About 6 months ago, I looked the the job trends for various programming languages. Given that TIOBE released their yearly programming language rankings, I figured I should update the job trends again. In this update, I will use the TIOBE rankings to determine what languages to include. Based on those rankings, I have changed the list from Cobol, Java, C++, C#, Visual Basic and Perl to Java, C++, C#, Delphi, Objective C, Perl and Visual Basic. The Delphi inclusion is purely due to the TIOBE ranking and has nothing to do with any opinion I may hold.
First, let’s look at the job trends from Indeed.com:
The first thing you can see in this graph is that all of the languages have stayed fairly flat or declined since a peak around November 2008. You can also see that the Delphi line has decreased and is now below Objective C. Mostly there has not been a significant change in the past six months.
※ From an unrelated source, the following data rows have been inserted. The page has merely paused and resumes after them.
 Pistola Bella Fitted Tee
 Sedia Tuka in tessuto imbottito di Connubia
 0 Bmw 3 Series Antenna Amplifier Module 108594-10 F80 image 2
However, in the last job trends post I noted that SimplyHired had different short term trends and this still holds true:
This graph shows a similar peak in October of 2008, but shows a significant amount of growth for most of the languages from a July 2009 low. Again, Delphi is not really a factor in the graph. C++ still maintains a slight lead over its C# cousin. Objective C is still trailing significantly as it is primarily used for Apple development.
Something that I must have missed in my last job trends report is the relative scaling from Indeed. This provides an interesting trend graph based on job growth:
These growth trends are significantly more interesting. Three major points of interest are obvious. Objective C is growing rapidly, and likely will continue this trend with the addition of the Apple iPad. C# is also showing significant growth when compared to the other languages. Lastly, Visual Basic’s demise is clearly shown by the slim and declining growth trend.
What does all this mean? Well, Java is still hot and continues to grow. C++ may never die and C# is growing but does not seem to be replacing C++. Perl continues to stick around. Delphi may be popular according to TIOBE, but there is limited job potential. Finally, Objective C will be an interesting trend to follow over the next year as development for the iPhone and iPad continues to gain steam.